Ignorant that within 3 leagues was a settlement of Nootka, with its store and adequate succor, betrayed by out-of-date charts and inadequate sailing directions – a seemingly common failing in merchant ships trading to this coast – the chief officer and 6 seamen who volunteered to make the dangerous journey for assistance to Cape Beale, 100 miles away, left to meet their death in a howling gale, and had not Captain Townsend sighted the ship with her shattered topsails flying like ragged pennants in the wind, sufficient distress signals for any seaman, when her steered toward Nootka on Jan 14, another boats crew would also have been endangered, perhaps lost. When the rescuing Steamer arrived, another boats crew was preparing to make the perilous journey by open boat to Cape Beale. And, had these seamen but known, there was succor at Nootka, 8 miles distant, a lighthouse, telegraph station and settlement at Clayoquot, and many settlements intervening between them and far away Cape Beale. 

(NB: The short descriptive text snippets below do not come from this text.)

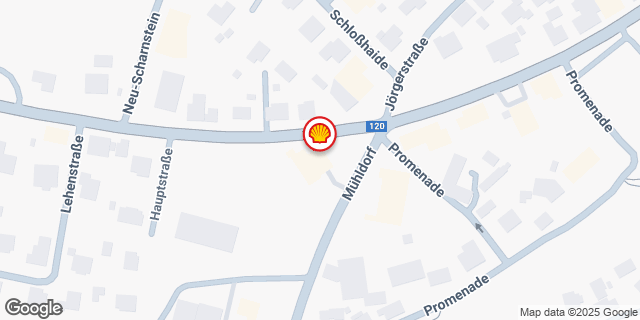 Umgebungskarte von SCHARNSTEIN HAUPTSTRASSE.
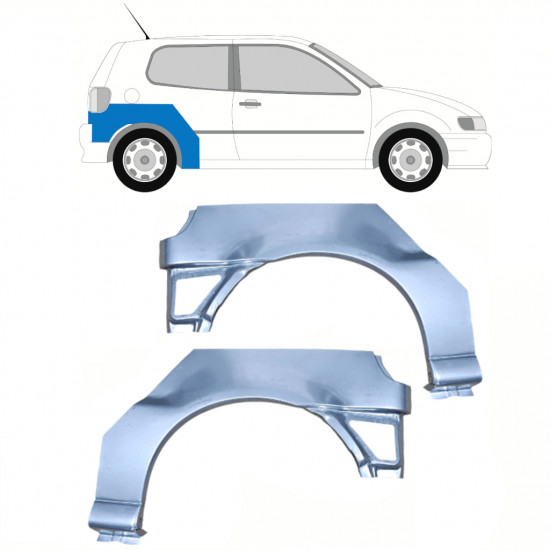 Reparaturni lim stražnjeg blatobrana za VW Polo 1994-1999 / Lijevo+Desno / Set 10193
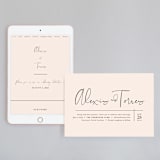 "Just the Two of Us" - Wedding Website in Blush by Jennifer Wick - Match Your Stationery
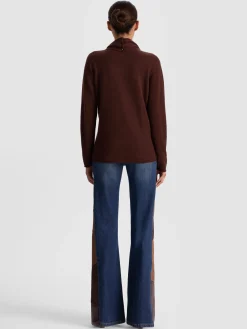 JULES CASHMERE DRAPED PULLOVER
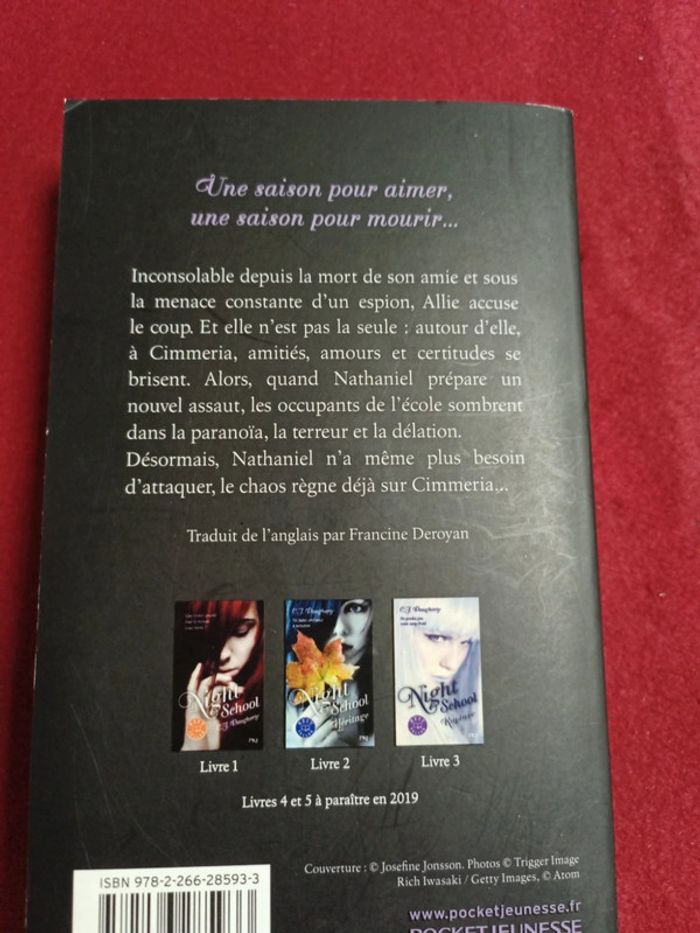 Night school tome 3 " Rupture " C.J Daugherty " PKJ - photo numéro 11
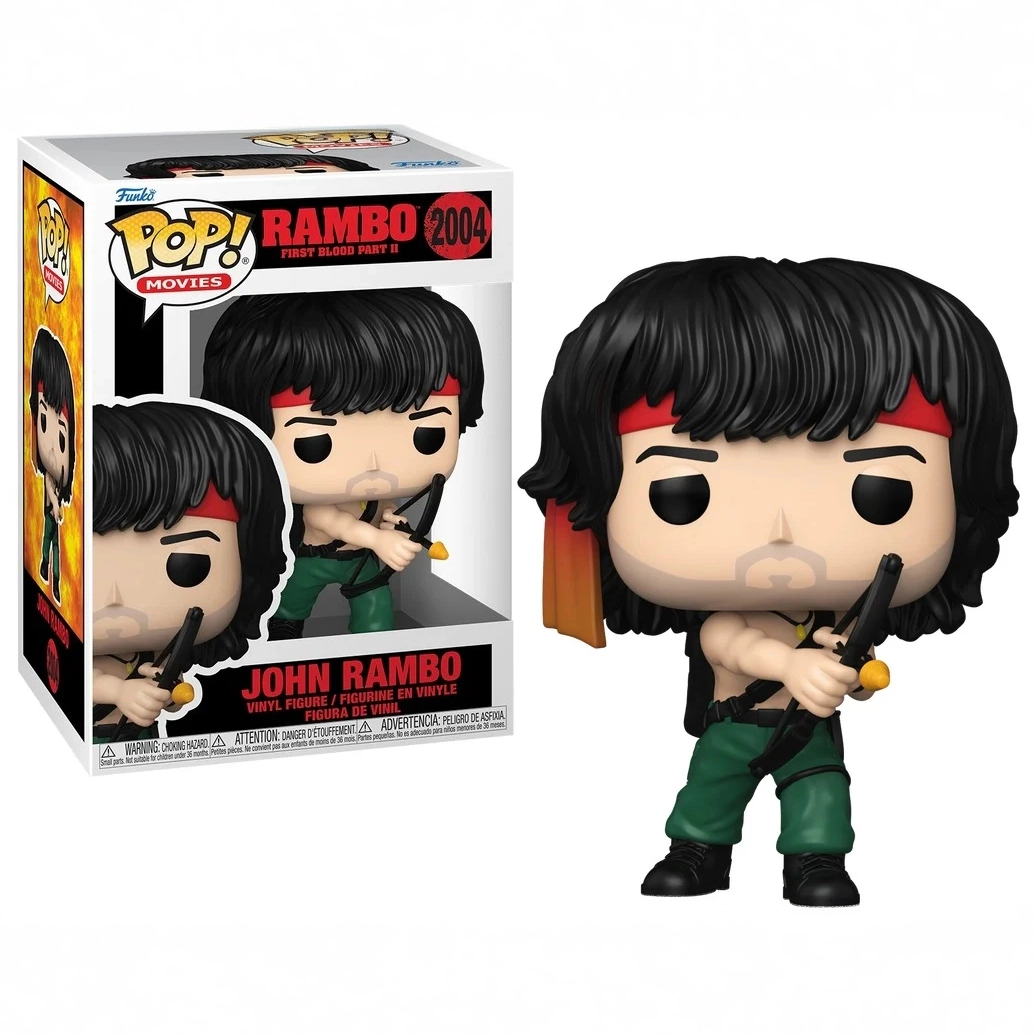 Funko Pop! Rambo First Blood Part 2: John Rambo #2004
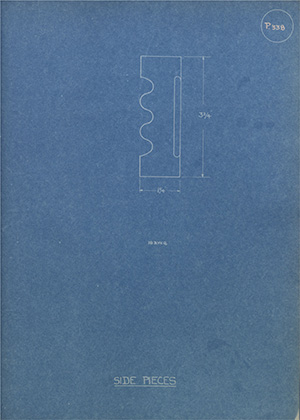 Side Pieces WH Tildesley Forging Technical Drawing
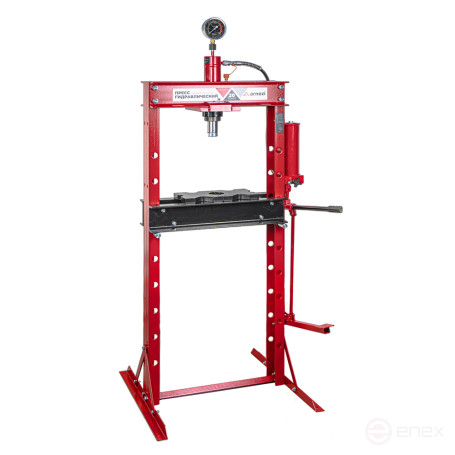 Hydraulic press 20t with pressure gauge, foot drive ARNEZI R7109108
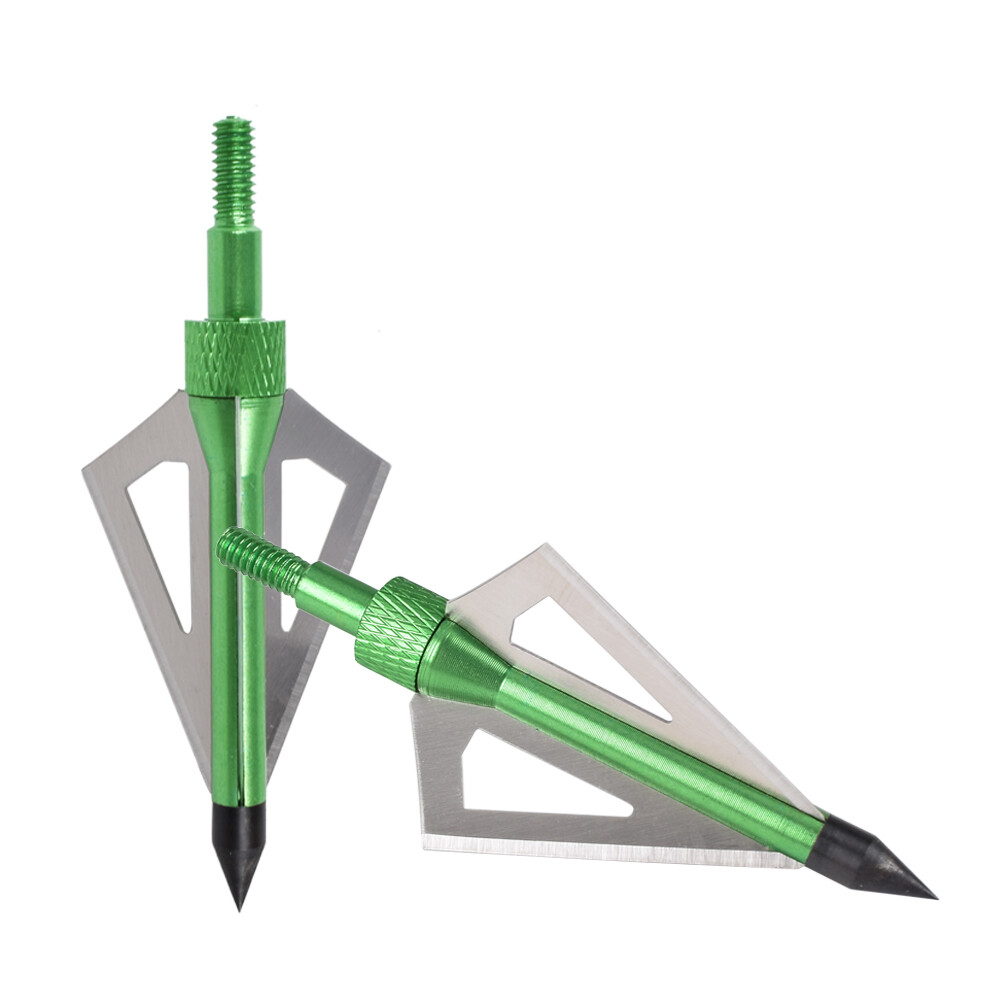 Archery 3 Fixed Blade 100 Grain Broadheads for Compound Bow Crossbow Hunting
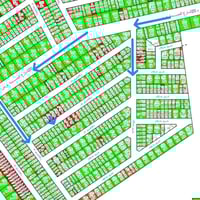 عليكم قطعه ارض للبيع مجمع البصمه مساحه ١٠٠متر قريبه على شارع ٢٠رقم الق...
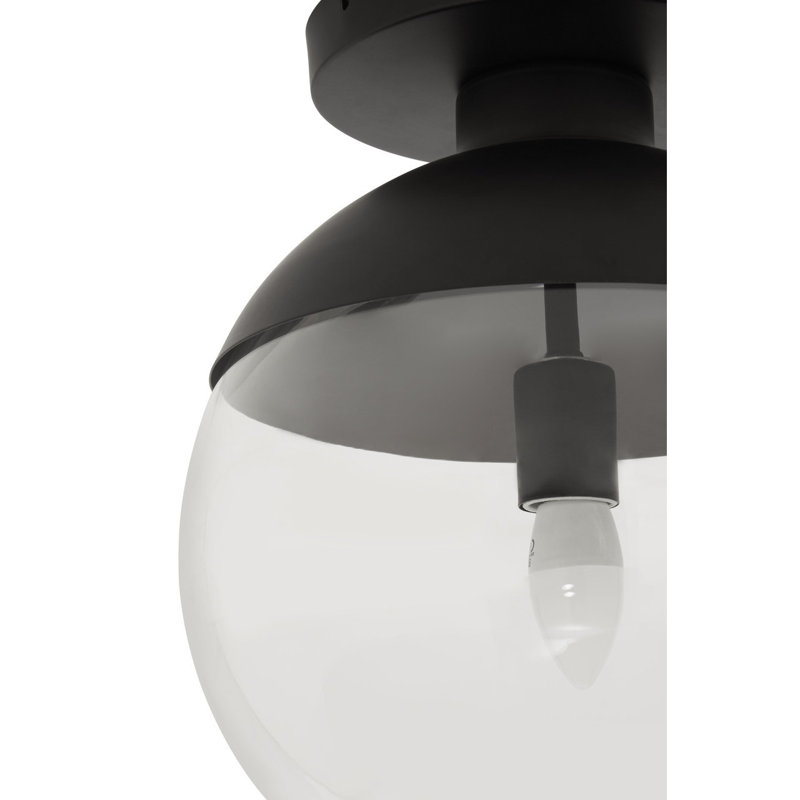 Royce Flush Mount, Black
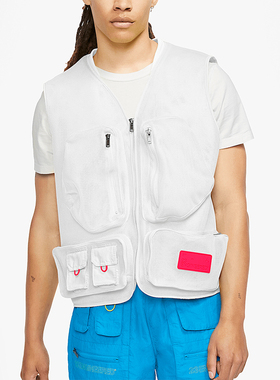 Nike/耐克正品新款男士运动户外网眼多口袋马甲CN4585-100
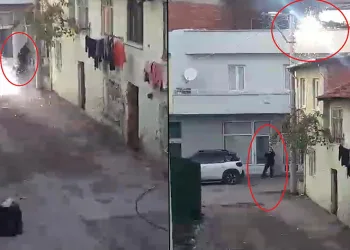 Video çekmek isterken canından oluyordu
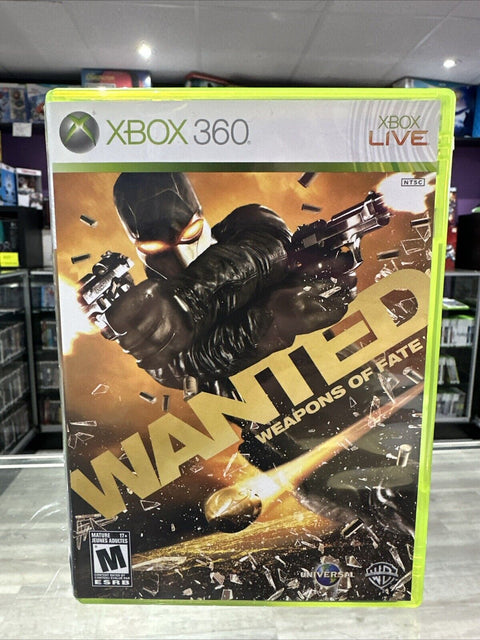 Wanted: Weapons of Fate - XBOX 360 - CIB Complete Tested!
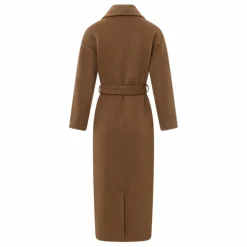 Manteau Ceinturé Laine Vierge | Taupe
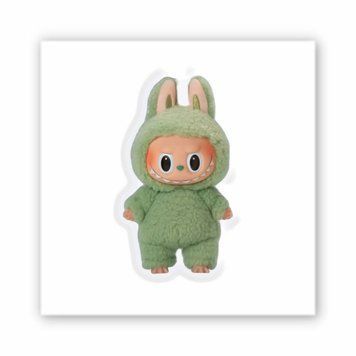 3D-стикер Labubu Green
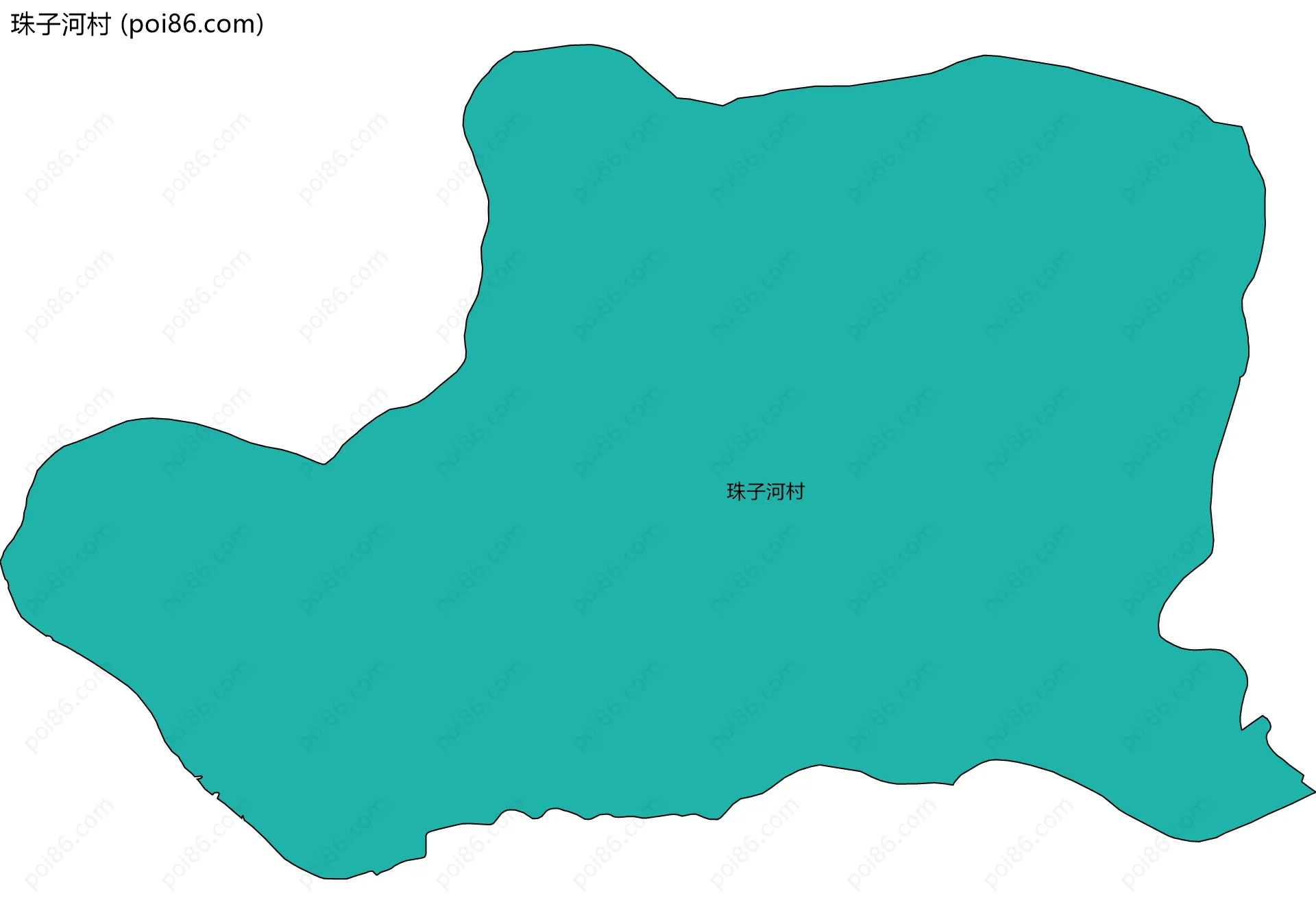 珠子河村边界地图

King David left Salinas Cruz in ballast on Oct 1 and had usual weather to the latitude of Cape Flattery, where thick weather was encountered. Captain Davidson made the land about Dec 7, sighting what he took to be Cape Beale light, but what he now believes was the newly erected lighthouse at Lennard I, at the mouth of Clayoquot Sound, of which he knew nothing. The vessel drifted northward – there is a strong northerly set off the Vancouver Island coast in winter – and on Dec 10 the lookout man sang out at 9pm “Breakers on the lee bow”. The threatened danger was cleared, and shortly afterward the lookout man shouted of other dangers. More breakers were heard and seen. Soundings were made, showing 8 fathoms, and the anchor was cleared away. The ship brought up in 8 fathoms. There she lay at anchor for 3 days. 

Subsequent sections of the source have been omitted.